Nor has China kept its woes to itself. Coal imports have plummeted as the government placed quality restrictions on coal coming into the country and Chinese coal producers battled to price imports out of the Chinese coal mix. Meanwhile, a glut of cheap Chinese steel has flooded the international market, hitting steel producers elsewhere – as the UK steel industry, among others, has found out to its cost. The availability of this cheap Chinese steel has displaced metallurgical coal import demand in some major steelmaking regions.

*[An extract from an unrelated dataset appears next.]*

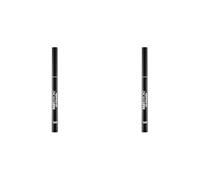 Collection Cosmetics Fast Stroke Felt Tip Eyeliner with Fine Tip, Long Lasting 24h, Quick Drying Formula, 4ml, Black (Pack of 2)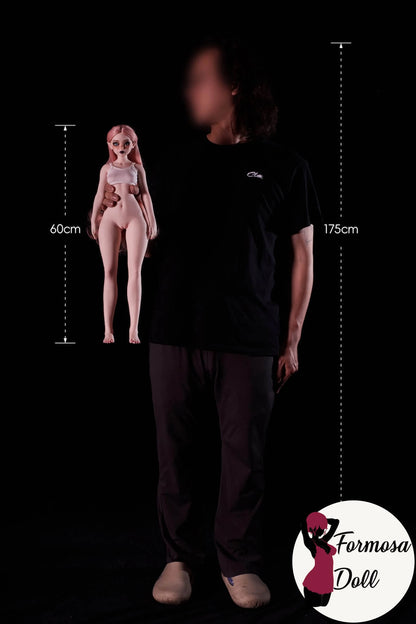 Hilary 60cm (23.6inch) - Mini Bambola del Sesso in Silicone di CLIMAX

But these trends could be changing. This month saw the Chinese government announce that it would support the closure of 4300 small and inefficient coal mines in a bid to reduce the country’s production capacity by 700 million t. Importantly (and marking this out from similar previous announcements) was the promise of cash to cushion the impact of the mine closures – Yuan 30 billion (US$4.56 billion) of it.

The decision to up the ante on mine closures follows a decision last month to halt approval of new coal mines until at least 2019. China’s coal oversupply is not going to disappear overnight. But these measures at least show that the government may be taking the problem seriously and could put a bottom under the slide in Chinese coal imports.

Meanwhile, in the steel sector, export prices for Chinese steel fell below steel mills’ variable costs in October, according to CRU’s steel cost analysis. Add to this the growing number of regions that have put measures in place to protect domestic steel industries from cheap Chinese imports, limiting the destination options for Chinese exporters, and CRU forecasts a 20% fall in Chinese steel exports in 2016, benefitting metallurgical coal demand elsewhere in the world.

Neither of these trends will make 2016 a good year for the coal industry. But they are two of a few signs emerging that could point to an approaching market bottom. As I said last month, it is easy to be blinded by the doom and gloom. Coal is – and will remain for some time yet – a vital part of the global economy: perhaps then it is time to start looking for the light.